§ **Aim of the exercise**
Take the records below and retype them line by line, from the first line through the one containing "Feu de plaque"; stop there.

BEGIN Entries provided

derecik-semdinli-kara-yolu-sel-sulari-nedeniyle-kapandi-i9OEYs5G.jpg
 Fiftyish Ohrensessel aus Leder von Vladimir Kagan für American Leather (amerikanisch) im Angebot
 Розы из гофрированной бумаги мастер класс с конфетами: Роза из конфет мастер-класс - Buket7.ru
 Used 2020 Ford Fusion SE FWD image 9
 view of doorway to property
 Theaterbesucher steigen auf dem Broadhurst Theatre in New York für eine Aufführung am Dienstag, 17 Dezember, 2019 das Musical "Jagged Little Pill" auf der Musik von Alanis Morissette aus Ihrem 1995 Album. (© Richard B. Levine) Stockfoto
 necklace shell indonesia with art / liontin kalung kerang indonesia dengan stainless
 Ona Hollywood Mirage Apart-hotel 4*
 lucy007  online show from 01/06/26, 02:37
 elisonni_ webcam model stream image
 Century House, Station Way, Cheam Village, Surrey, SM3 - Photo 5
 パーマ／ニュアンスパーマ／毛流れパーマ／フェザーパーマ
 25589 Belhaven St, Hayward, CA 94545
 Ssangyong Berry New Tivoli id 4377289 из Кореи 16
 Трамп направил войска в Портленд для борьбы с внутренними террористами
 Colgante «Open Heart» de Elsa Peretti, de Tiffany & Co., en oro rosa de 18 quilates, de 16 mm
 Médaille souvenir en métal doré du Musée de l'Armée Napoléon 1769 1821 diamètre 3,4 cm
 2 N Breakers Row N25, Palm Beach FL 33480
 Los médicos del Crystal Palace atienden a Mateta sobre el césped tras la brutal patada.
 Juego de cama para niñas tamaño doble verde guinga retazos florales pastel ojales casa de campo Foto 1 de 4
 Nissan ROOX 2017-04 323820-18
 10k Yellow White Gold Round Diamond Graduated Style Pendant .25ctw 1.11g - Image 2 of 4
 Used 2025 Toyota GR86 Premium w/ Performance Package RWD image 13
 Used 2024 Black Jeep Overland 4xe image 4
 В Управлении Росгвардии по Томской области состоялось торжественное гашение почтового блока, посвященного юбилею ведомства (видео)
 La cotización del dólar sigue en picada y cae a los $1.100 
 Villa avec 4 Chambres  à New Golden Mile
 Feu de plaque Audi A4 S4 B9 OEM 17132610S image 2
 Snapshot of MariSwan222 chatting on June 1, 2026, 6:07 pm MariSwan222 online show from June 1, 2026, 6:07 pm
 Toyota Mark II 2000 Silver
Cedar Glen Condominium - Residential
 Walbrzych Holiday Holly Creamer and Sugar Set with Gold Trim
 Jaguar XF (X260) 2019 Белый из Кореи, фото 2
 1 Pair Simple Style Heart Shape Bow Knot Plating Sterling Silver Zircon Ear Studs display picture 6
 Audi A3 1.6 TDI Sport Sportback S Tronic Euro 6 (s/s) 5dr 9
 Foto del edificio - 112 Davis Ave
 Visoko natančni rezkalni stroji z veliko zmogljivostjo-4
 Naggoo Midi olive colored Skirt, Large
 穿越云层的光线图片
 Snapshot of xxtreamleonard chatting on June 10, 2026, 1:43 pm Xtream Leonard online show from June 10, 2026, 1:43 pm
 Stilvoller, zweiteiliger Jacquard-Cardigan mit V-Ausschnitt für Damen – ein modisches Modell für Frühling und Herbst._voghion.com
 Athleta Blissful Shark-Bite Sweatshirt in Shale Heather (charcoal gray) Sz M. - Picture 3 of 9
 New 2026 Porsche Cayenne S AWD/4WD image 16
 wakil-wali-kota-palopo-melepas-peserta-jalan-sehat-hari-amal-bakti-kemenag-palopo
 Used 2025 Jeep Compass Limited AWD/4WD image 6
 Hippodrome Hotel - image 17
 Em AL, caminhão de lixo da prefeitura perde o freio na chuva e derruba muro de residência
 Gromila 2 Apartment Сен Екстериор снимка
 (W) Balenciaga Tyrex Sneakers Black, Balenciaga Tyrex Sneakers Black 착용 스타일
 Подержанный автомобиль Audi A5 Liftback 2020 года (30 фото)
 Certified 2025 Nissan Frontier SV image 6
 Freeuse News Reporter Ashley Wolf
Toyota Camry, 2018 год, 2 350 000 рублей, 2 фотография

END Entries provided

§ **Answer to this problem**
derecik-semdinli-kara-yolu-sel-sulari-nedeniyle-kapandi-i9OEYs5G.jpg
 Fiftyish Ohrensessel aus Leder von Vladimir Kagan für American Leather (amerikanisch) im Angebot
 Розы из гофрированной бумаги мастер класс с конфетами: Роза из конфет мастер-класс - Buket7.ru
 Used 2020 Ford Fusion SE FWD image 9
 view of doorway to property
 Theaterbesucher steigen auf dem Broadhurst Theatre in New York für eine Aufführung am Dienstag, 17 Dezember, 2019 das Musical "Jagged Little Pill" auf der Musik von Alanis Morissette aus Ihrem 1995 Album. (© Richard B. Levine) Stockfoto
 necklace shell indonesia with art / liontin kalung kerang indonesia dengan stainless
 Ona Hollywood Mirage Apart-hotel 4*
 lucy007  online show from 01/06/26, 02:37
 elisonni_ webcam model stream image
 Century House, Station Way, Cheam Village, Surrey, SM3 - Photo 5
 パーマ／ニュアンスパーマ／毛流れパーマ／フェザーパーマ
 25589 Belhaven St, Hayward, CA 94545
 Ssangyong Berry New Tivoli id 4377289 из Кореи 16
 Трамп направил войска в Портленд для борьбы с внутренними террористами
 Colgante «Open Heart» de Elsa Peretti, de Tiffany & Co., en oro rosa de 18 quilates, de 16 mm
 Médaille souvenir en métal doré du Musée de l'Armée Napoléon 1769 1821 diamètre 3,4 cm
 2 N Breakers Row N25, Palm Beach FL 33480
 Los médicos del Crystal Palace atienden a Mateta sobre el césped tras la brutal patada.
 Juego de cama para niñas tamaño doble verde guinga retazos florales pastel ojales casa de campo Foto 1 de 4
 Nissan ROOX 2017-04 323820-18
 10k Yellow White Gold Round Diamond Graduated Style Pendant .25ctw 1.11g - Image 2 of 4
 Used 2025 Toyota GR86 Premium w/ Performance Package RWD image 13
 Used 2024 Black Jeep Overland 4xe image 4
 В Управлении Росгвардии по Томской области состоялось торжественное гашение почтового блока, посвященного юбилею ведомства (видео)
 La cotización del dólar sigue en picada y cae a los $1.100 
 Villa avec 4 Chambres  à New Golden Mile
 Feu de plaque Audi A4 S4 B9 OEM 17132610S image 2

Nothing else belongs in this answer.